[WORK INSTRUCTIONS]
In your copy of the data below, reproduce every entry exactly and omit the pictures.

[SUPPLIED MATERIAL]
______

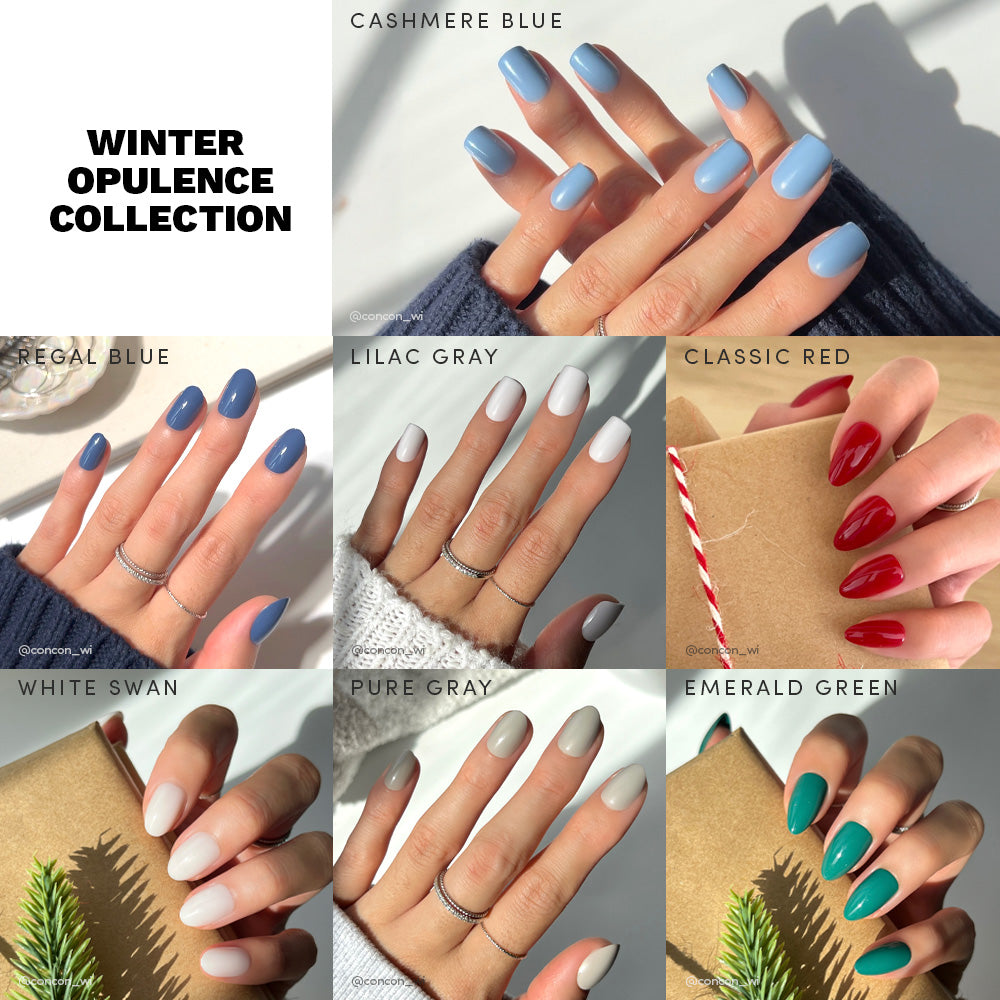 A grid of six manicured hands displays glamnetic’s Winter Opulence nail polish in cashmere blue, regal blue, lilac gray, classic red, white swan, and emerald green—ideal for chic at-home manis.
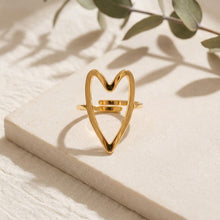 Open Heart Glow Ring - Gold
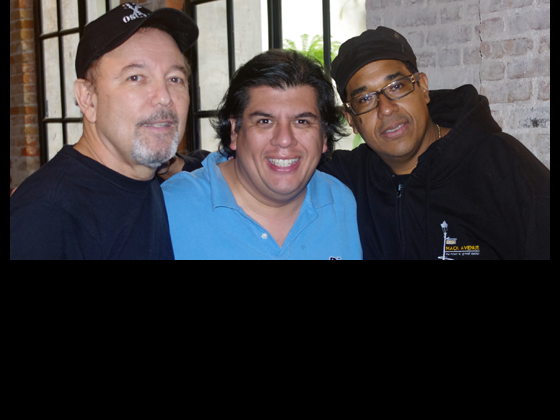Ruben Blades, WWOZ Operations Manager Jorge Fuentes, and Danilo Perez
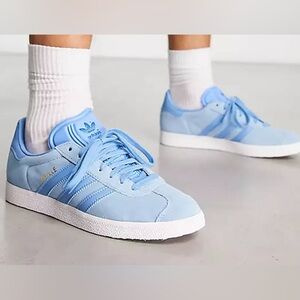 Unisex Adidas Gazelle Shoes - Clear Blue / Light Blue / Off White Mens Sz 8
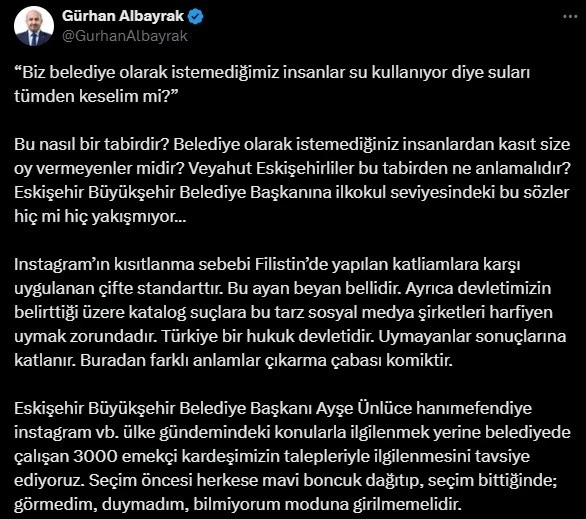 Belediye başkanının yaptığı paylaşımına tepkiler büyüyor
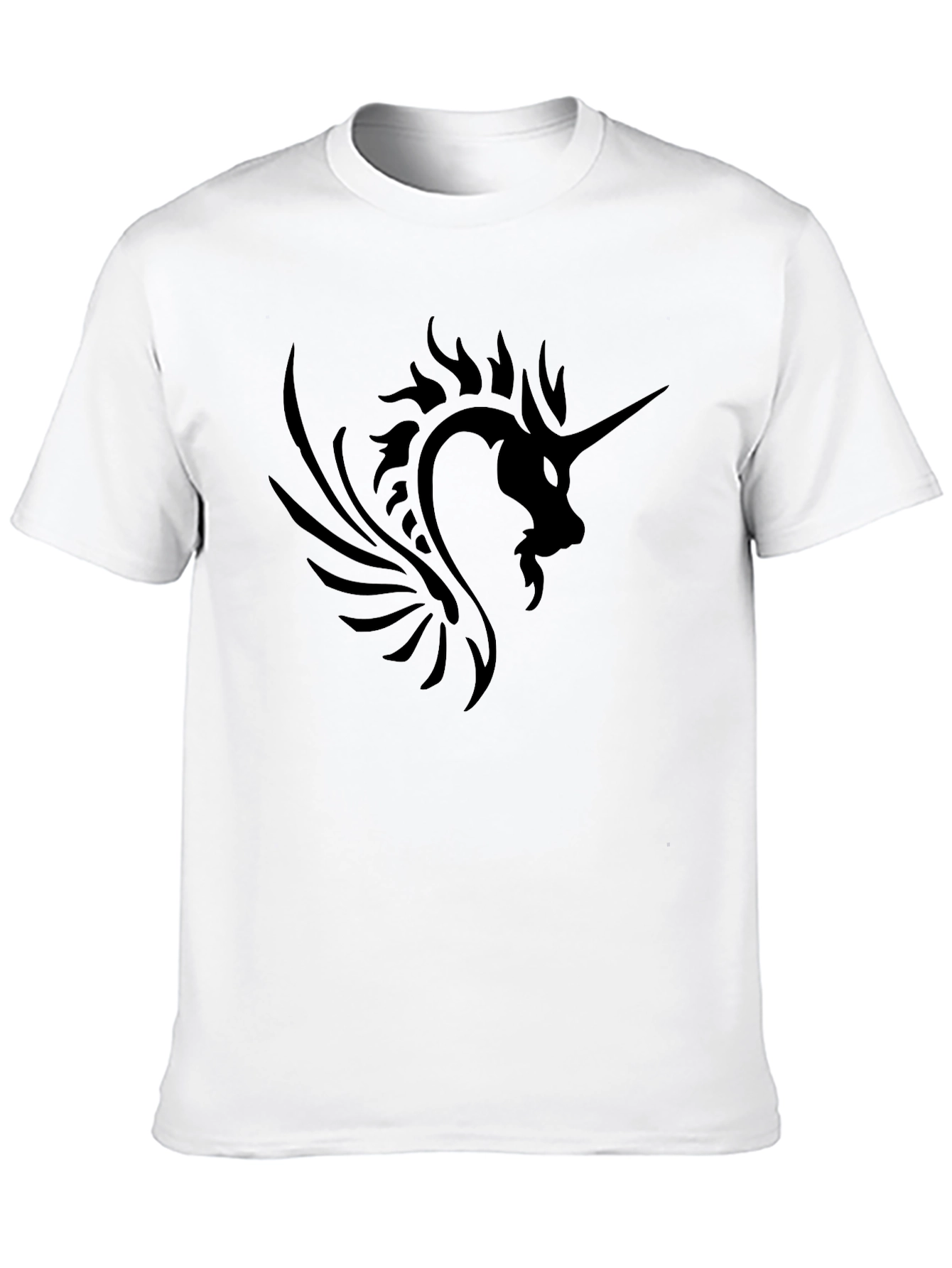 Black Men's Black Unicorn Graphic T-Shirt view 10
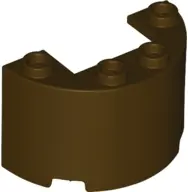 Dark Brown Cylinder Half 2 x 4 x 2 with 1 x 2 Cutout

______

[REPLY]
 A grid of six manicured hands displays glamnetic’s Winter Opulence nail polish in cashmere blue, regal blue, lilac gray, classic red, white swan, and emerald green—ideal for chic at-home manis.
 Open Heart Glow Ring - Gold
Ruben Blades, WWOZ Operations Manager Jorge Fuentes, and Danilo Perez
 Unisex Adidas Gazelle Shoes - Clear Blue / Light Blue / Off White Mens Sz 8
 Belediye başkanının yaptığı paylaşımına tepkiler büyüyor
 Black Men's Black Unicorn Graphic T-Shirt view 10
 Dark Brown Cylinder Half 2 x 4 x 2 with 1 x 2 Cutout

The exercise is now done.